Почувствовав, как напряглось тело, приподнялась на локте — посмотреть на его профиль. Ждала, когда повернёт голову, глянет в ответ и успокоит взглядом. Не повернулся, и профиль на фоне подушки стал жёстким, будто нарисованным.
— И всё? — спрашивая, почти не шевелил губами.
— Витенька… посмотри на меня, пожалуйста. А?
Теперь она сидела над ним, так же, как он недавно. Витька повернулся на спину. Серые глаза темнели на серьёзном лице. И всё. Ни удивления, ни интереса. Просто ждал.

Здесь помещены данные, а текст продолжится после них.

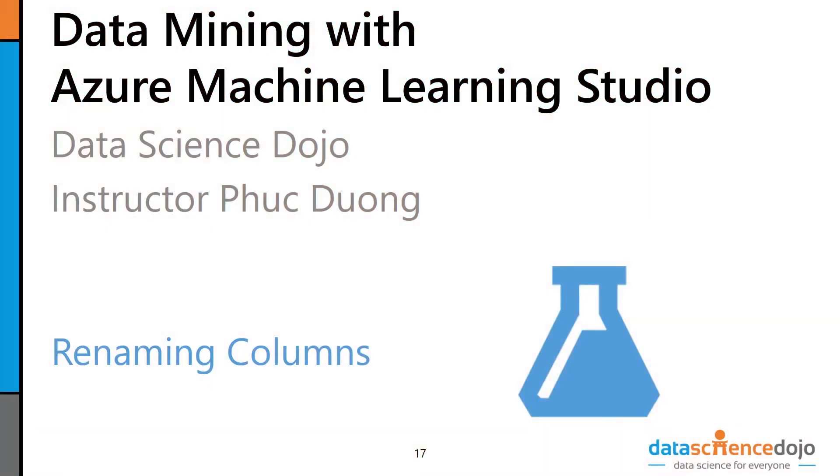Hey, and welcome back to Data Mining with Azure Machine Learning Studio, brought to you by Data Science Dojo. Today we're going to learn how to rename columns.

Аглая смотрела на него. На глаза, широко расставленные, и из-за этого иногда казалось, что чуть косые, заячьи. На прямой нос со шрамиком сбоку. Плотно сжатые светлые губы. Хотела спросить, почему испугался так, но вместо того сказала растерянно, с надеждой на ответ:
— Я тебя люблю…
Он не ответил. Только потянулся, нашёл ее руку и приложил ладонью к губам. Помолчав, спросил, щекоча кожу:
— А ещё что видела? Почему про меня?
Аглая снова увидела бесстрастные глаза из сна. Но поверх её ладони смотрели другие, серьёзные и встревоженные. И она ответила:
— Ну… змеи эти. Они были похожи на твою.
— И всё?
— Да, — ответила, чтобы только увидеть, как из его взгляда уходит тревога. И она ушла. Шевельнулись губы, он снова поцеловал её ладонь и, закрывая глаза, обхватил, притянул к себе, прижимая рукой поверх лопаток.
— На мою насмотрелась, вот и снится ерунда.
А она снова увидела плоские головы, покачивающиеся, меняющие положение, чтобы… чтобы лучше увидеть, как бьётся привязанная к стене.
— Вить… ты мне обещал показать снимки. Мне ведь утром в институт, потом домой.
— Не забыла.
— Ну что ты! Когда засыпала, пожалела, что не успели.
Она села, но Витька снова притянул её к себе, поцеловал в кончик носа, поправил волосы за ухом. И отпустил.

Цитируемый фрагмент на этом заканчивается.